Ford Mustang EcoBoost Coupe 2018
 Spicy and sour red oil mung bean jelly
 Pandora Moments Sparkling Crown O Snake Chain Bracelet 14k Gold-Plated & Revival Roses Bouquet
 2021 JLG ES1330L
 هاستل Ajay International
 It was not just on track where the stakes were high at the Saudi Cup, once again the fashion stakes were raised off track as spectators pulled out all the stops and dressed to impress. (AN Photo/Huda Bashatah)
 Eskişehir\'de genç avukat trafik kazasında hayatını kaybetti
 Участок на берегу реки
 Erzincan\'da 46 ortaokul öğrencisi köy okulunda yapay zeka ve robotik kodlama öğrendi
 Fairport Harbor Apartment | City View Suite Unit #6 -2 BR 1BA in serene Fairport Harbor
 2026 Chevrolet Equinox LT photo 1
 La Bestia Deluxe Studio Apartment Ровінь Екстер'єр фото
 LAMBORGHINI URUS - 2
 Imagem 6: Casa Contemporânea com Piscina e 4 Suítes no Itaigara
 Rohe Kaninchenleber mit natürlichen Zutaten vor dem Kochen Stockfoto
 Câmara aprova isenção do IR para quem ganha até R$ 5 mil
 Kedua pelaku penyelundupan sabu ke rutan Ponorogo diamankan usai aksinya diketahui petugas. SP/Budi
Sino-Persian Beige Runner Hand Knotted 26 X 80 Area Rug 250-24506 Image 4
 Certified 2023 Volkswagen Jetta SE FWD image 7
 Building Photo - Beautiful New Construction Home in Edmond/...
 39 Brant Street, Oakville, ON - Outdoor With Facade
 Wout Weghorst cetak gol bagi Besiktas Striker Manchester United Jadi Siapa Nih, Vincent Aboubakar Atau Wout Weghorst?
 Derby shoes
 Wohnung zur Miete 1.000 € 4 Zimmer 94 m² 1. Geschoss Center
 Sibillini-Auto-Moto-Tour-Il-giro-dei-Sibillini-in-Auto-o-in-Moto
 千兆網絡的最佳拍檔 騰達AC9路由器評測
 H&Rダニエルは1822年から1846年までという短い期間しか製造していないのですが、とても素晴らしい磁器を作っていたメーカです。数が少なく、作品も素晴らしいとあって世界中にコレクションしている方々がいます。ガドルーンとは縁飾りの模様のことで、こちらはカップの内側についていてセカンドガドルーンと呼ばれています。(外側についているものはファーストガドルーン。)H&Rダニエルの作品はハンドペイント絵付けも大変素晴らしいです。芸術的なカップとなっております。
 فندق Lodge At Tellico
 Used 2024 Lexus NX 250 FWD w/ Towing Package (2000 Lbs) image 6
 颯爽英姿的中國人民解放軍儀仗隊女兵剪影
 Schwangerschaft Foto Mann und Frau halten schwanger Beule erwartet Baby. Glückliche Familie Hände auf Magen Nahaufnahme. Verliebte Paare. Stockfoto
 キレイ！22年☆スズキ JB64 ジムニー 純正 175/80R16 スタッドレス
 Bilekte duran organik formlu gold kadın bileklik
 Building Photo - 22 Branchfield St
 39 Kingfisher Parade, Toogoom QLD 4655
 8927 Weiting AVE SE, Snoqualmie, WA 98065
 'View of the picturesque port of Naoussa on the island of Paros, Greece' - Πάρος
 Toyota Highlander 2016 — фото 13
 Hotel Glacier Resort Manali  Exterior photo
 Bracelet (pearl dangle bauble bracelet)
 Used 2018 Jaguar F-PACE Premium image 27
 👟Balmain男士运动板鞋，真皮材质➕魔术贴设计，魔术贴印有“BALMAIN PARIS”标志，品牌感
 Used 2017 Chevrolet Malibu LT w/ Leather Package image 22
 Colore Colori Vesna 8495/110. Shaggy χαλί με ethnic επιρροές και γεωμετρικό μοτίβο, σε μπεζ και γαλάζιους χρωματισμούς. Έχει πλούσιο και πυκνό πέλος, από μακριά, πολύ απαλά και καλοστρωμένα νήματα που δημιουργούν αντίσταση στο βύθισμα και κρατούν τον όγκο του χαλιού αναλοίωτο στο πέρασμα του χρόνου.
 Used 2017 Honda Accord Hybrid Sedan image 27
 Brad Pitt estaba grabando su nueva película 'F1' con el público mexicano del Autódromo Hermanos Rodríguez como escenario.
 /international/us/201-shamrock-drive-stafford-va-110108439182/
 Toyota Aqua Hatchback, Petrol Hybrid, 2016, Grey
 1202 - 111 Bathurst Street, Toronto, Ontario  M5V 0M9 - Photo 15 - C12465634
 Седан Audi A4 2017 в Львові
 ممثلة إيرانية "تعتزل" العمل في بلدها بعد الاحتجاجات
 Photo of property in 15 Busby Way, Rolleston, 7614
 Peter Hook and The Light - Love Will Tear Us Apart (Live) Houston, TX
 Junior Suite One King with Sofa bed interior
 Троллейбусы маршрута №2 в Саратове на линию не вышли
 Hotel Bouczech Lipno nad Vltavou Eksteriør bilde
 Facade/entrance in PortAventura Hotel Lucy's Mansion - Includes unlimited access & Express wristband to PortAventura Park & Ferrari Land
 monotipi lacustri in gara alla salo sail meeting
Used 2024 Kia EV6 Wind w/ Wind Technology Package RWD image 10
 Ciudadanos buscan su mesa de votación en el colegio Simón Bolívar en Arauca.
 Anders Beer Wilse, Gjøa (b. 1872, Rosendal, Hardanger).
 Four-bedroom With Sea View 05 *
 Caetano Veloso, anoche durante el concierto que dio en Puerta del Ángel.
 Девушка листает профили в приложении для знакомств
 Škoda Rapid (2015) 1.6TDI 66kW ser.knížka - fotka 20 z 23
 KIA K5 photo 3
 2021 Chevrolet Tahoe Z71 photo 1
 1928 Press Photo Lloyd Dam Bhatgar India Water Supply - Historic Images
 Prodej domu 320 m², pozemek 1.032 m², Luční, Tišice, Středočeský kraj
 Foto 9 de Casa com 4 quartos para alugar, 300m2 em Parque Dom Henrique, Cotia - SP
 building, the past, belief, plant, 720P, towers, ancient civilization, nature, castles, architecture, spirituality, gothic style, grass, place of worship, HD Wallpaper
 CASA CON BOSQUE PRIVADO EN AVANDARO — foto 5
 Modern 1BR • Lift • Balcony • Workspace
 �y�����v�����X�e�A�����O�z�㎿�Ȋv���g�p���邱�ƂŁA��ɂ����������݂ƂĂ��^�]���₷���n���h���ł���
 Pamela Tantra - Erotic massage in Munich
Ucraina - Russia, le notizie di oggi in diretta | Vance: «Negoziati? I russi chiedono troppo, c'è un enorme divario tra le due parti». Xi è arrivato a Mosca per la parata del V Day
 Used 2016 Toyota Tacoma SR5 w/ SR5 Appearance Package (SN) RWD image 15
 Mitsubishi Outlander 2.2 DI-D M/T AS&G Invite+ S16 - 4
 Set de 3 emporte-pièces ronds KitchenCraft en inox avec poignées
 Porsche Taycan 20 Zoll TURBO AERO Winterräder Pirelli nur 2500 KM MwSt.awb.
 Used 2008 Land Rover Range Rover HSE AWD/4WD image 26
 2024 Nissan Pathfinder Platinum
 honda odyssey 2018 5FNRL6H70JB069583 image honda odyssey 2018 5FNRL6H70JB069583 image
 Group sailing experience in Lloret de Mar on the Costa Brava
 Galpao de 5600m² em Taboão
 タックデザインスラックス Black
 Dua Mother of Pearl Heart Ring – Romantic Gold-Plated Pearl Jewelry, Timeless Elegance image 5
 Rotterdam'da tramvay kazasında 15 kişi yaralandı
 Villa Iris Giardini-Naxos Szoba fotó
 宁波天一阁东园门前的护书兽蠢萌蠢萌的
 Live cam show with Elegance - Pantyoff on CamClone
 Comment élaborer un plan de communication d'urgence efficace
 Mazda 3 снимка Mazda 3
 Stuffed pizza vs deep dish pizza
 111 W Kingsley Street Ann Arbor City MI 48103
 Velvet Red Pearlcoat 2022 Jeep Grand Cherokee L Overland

☆ ☆ ☆

● **TASK STATEMENT**
Please reproduce, exactly as they appear above, the lines from the line containing "Wout Weghorst cetak" up to and including the line containing "Toyota Highlander 2016 — фото 13".

● **WRITTEN SOLUTION**
 Wout Weghorst cetak gol bagi Besiktas Striker Manchester United Jadi Siapa Nih, Vincent Aboubakar Atau Wout Weghorst?
 Derby shoes
 Wohnung zur Miete 1.000 € 4 Zimmer 94 m² 1. Geschoss Center
 Sibillini-Auto-Moto-Tour-Il-giro-dei-Sibillini-in-Auto-o-in-Moto
 千兆網絡的最佳拍檔 騰達AC9路由器評測
 H&Rダニエルは1822年から1846年までという短い期間しか製造していないのですが、とても素晴らしい磁器を作っていたメーカです。数が少なく、作品も素晴らしいとあって世界中にコレクションしている方々がいます。ガドルーンとは縁飾りの模様のことで、こちらはカップの内側についていてセカンドガドルーンと呼ばれています。(外側についているものはファーストガドルーン。)H&Rダニエルの作品はハンドペイント絵付けも大変素晴らしいです。芸術的なカップとなっております。
 فندق Lodge At Tellico
 Used 2024 Lexus NX 250 FWD w/ Towing Package (2000 Lbs) image 6
 颯爽英姿的中國人民解放軍儀仗隊女兵剪影
 Schwangerschaft Foto Mann und Frau halten schwanger Beule erwartet Baby. Glückliche Familie Hände auf Magen Nahaufnahme. Verliebte Paare. Stockfoto
 キレイ！22年☆スズキ JB64 ジムニー 純正 175/80R16 スタッドレス
 Bilekte duran organik formlu gold kadın bileklik
 Building Photo - 22 Branchfield St
 39 Kingfisher Parade, Toogoom QLD 4655
 8927 Weiting AVE SE, Snoqualmie, WA 98065
 'View of the picturesque port of Naoussa on the island of Paros, Greece' - Πάρος
 Toyota Highlander 2016 — фото 13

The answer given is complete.